Rubens’ and Brueghel’s paintings. Exhibition in The Hague


Rubens and Brueghel, The Garden of Eden

Recently, an exhibition on seventeenth century Flemish painters Peter Paul Rubens and Jan Brueghel the Elder, and their co-operation, started in The Hague.

The exhibition is in the Mauritshuis, the main art museum of The Hague.

It was built in the seventeenth century by Johan Maurits van Nassau, the governor of Brazil, then for some time a Dutch colony.

In the seventeenth century, the nickname of the Mauritshuis was the Sugar House, as Governor van Nassau made lots of money from the sugar plantations in Brazil.

These plantations had been conquered by the Dutch from the Portuguese.

The new Dutch owners found out that in order to maximize sugar profits, they had to import extra slaves from Africa.

To make that possible, they conquered the important Portuguese slave export port Luanda in Angola.

That made the Dutch major players in the trans-Atlantic slave trade, which they had not been until then.
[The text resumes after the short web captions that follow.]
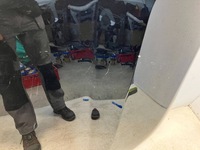 фото thumb №5, Rav4 v капот кришка двигуна підкладка підтримка комплектна 218 подряпини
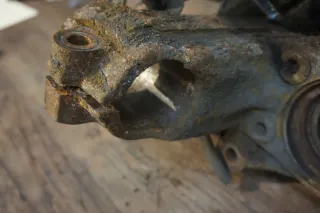 Achsschenkel Radlagergehäuse vorne rechts AUDI A3 8P 3.2 QUATTRO VW Golf 5 R32 - Bild 5
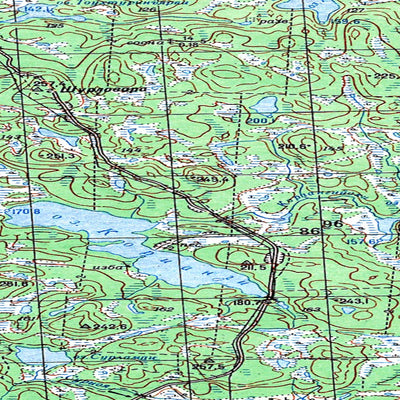 Avenza Systems Inc. Soviet Genshtab map - q36-109/110--(1979) - Russia digital map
In this way, war begot slavery, and slavery begot war.

Today, the Mauritshuis collection includes important works of art, by Rembrandt, Vermeer, Frans Hals, and others.
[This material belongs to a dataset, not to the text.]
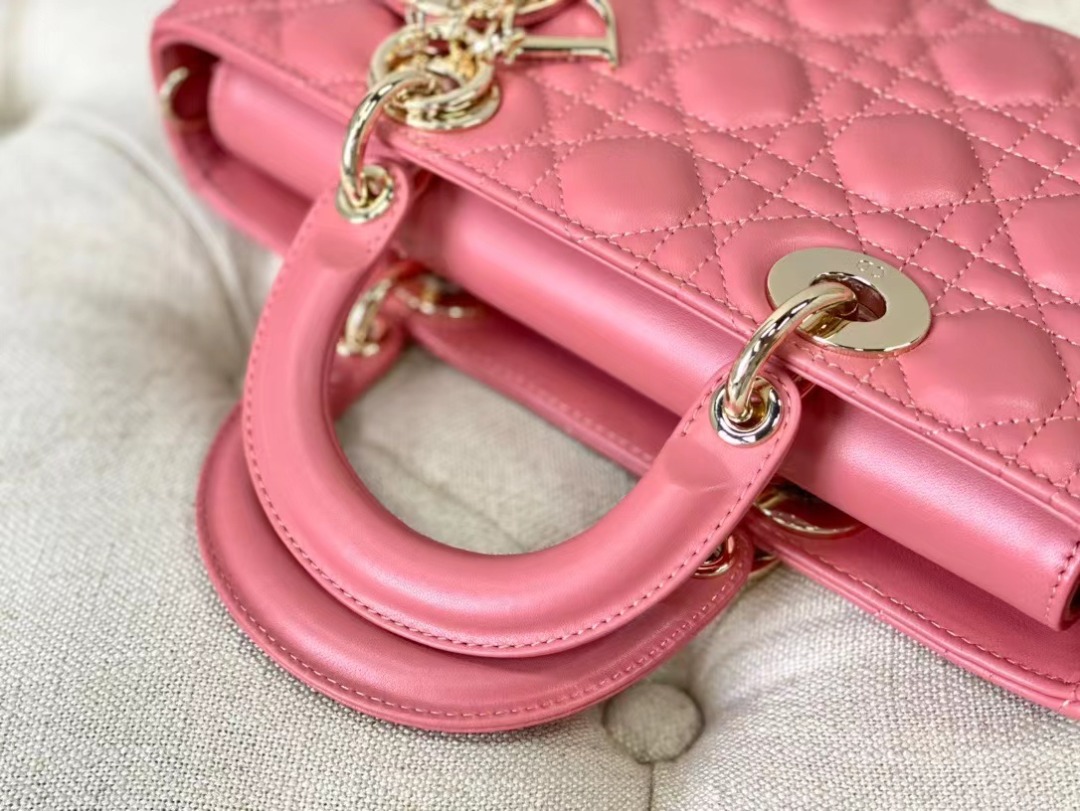Christian Dior Lady D-Joy Bag Pink. For Women Women-s Handbags. 26cm CD - Soul Replicas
Also by Antwerp painter Rubens (1577-1640).

Rubens, who brings us to the subject of the temporary Mauritshuis exhibition on his relationship with Jan Brueghel; an exhibition which also includes drawings and paintings normally present elsewhere in Europe and the United States (before it was in The Hague, it was in Los Angeles in the USA).

Rubens, who, like the Mauritshuis building, brings up not just artistic questions, being a masterly painter; but also questions of art’s and artists’ relationships to society and politics.

Questions both on Ruben’s own life, and on his work after his death.

Rubens was originally from a family of Protestant rebels against, and refugees from, Spanish Roman Catholic absolutist authority in the southern low countries (later to become Belgium).

However, he made his peace with church and princely authorities, and worked for them, both as an artist and a diplomat.

These varied sources of income made him far more well off than most other artists, though not a millionaire.

Millions of dollars for Rubens’ paintings, like with many works by others, would only be made after their creator’s death, by people who mostly never put a single drop of paint on any canvas.

Rubens was mentioned in an article in Dutch NRC daily as one of the artists in the top ten for the money for which their work was sold.

He was an exception in that top ten, most others having made far less money from their work while alive than Rubens.

In Antwerp, Rubens lived near his colleague Jan Brueghel (1568-1625).

Jan Brueghel was the son of famous Pieter Brueghel, nicknamed ‘Peasant Brueghel’ for his depictions of village life.

His own nickname was ‘Velvet Brueghel‘, because of his delicate and detailed way of painting.

There were more talented painters in the Brueghel dynasty, including Jan’s brother Pieter Brueghel the Younger. Pieter used to be nicknamed ‘Hell Brueghel’ for depictions of hell and damnation. However, that work is now reattributed to Jan.

Jan Brueghel’s detailed style of work differed much from Rubens’ broad strokes.

Nevertheless, they valued each other as artists and became friends.

They also worked together on some of their paintings: Rubens often doing the main figures, Brueghel the animals, other details, and landscapes surrounding them.

Probably they did that each in their own studio, with their own materials.

The studios being so close together meant the canvases could be easily transported to the other artist when it was his turn to add to the painting.

Recent X-ray research of the paintings shows that Rubens sometimes thought Brueghel had not left enough space for the main figures, and then painted over part of Brueghel’s earlier work.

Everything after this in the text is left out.